The morning flight arrived just a little late. After a bit of a wait, the first veterans appeared out of the jet way as the NOVA band, adding greatly to the celebratory atmosphere, struck up the first of many patriotic tunes as greeters from NOVA, the USO, the Girl Scouts and numerous other organizations held signs and applauded.

The veterans, most of them in their eighties and nineties, reacted in different ways. Some of them broke into a broad smile, some of them shed a bit of a tear, many waved, some seemed in awe of the welcome. No matter what their reaction, they all accepted hugs offered from the female greeters of the group.

The veterans were not walking as fast as they once did, as they arrived in clumps into the terminal. Perhaps a third of them were in wheelchairs, and others had canes. Many of them were aided by friends or relatives. Owing to the difficulty of putting the veterans in wheelchairs, it took about 35 to 40 minutes for the plane to be entirely unloaded, but the greeters remained exuberant throughout.

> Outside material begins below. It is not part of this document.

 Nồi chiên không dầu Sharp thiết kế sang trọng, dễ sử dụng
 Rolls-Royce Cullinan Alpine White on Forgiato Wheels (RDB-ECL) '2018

From the airport, the veterans were bussed to Capitol Hill for a brief visit with congressional representatives, and they then visited the World War II Memorial. There they looked up the campaigns in which they were involved and spoke to many of the other visitors on that bright, sunny day.

The veterans represented a wide array of services and campaigns. There was an Army machine gunner on the allied Italy campaign, bomber and fighter pilots in the South Pacific, personnel involved in the New Guinea, Philippines and Okinawa campaigns, a mechanic on B-25 bombers stationed in Great Britain from 1943 to 1945, and a Navy veteran stationed on the aircraft carrier Intrepid. Most of the veterans were male, but there was one female Army nurse who served in North Africa. She was now accompanied by a nurse who helped her get around.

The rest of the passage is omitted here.